As for the scope of the ships involved, that's base purely on how often they fly. Obviously if they jump every 12 hours instead of every 6, that's half the ships needed. I don't think you can efficiently do "pony express" style of simply jumping as soon as they're ready to go (i.e. XBoat arrives, beams messages, ready boat jump within an hour or so of arrival). The Pony Express wasn't really a network. It was just a line. For a line, that works, for a network, not so much.

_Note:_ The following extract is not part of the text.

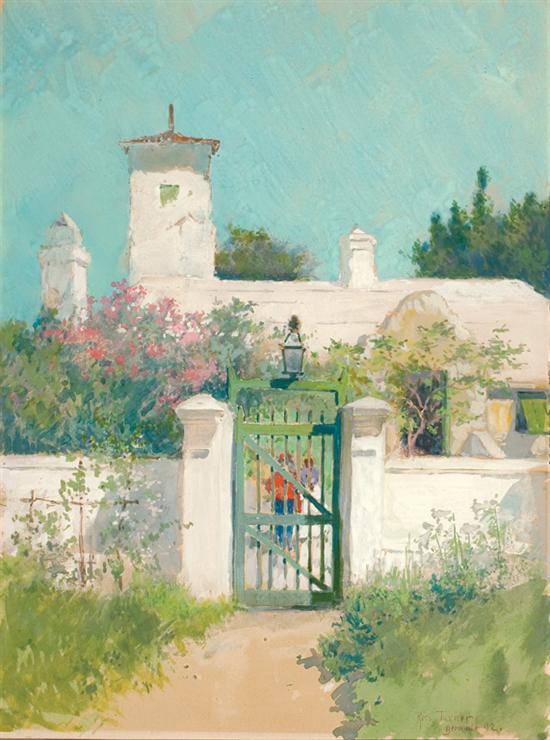 Appraisal: ROSS STERLING TURNER American - The Green Gate Bermuda watercolor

I can't find out how often riders left St Joseph/Sacramento (the respective east/west terminus), I'm guessing one per day

Scheduled jump make far more sense, however often that may be.
 
As for the scope of the ships involved, that's base purely on how often they fly. Obviously if they jump every 12 hours instead of every 6, that's half the ships needed. I don't think you can efficiently do "pony express" style of simply jumping as soon as they're ready to go (i.e. XBoat arrives, beams messages, ready boat jump within an hour or so of arrival). The Pony Express wasn't really a network. It was just a line. For a line, that works, for a network, not so much.
I agree.
The Pony Express works for a LINEAR system with no direct branching.

kMlNjri.gif

As soon as you start getting into NETWORKED operations, where each node on the network needs to forward information to multiple locations (except the point of origin for that information, because it already came from there) ... the transmission behavior stops being "baton handoff" in a straight line and turns into more of a "fission chain reaction" type of behavior.

kYhUAmU.gif

At that point, you can't be thinking in terms of overly simplistic "racetracks" between a mere 2 star systems linking up the chain of the entire Express Network. Instead, each "node" of the Express Network simply forwards data via XBoat Packet Protocol (XPP? :rolleyes:) using whatever XBoats are available after every incoming breakout from jump. This then necessarily means that some "nodes" on the Network will need to dispatch multiple XBoats outbound per each XBoat that arrives inbound ... which then presents a sustainability problem. In order for the Network to remain stable, it needs to balance the number of outbound XBoats to the number of inbound XBoats, otherwise the "stock" of XBoats within any particular star system on the Express Network will (rapidly) deplete their supply of XBoats.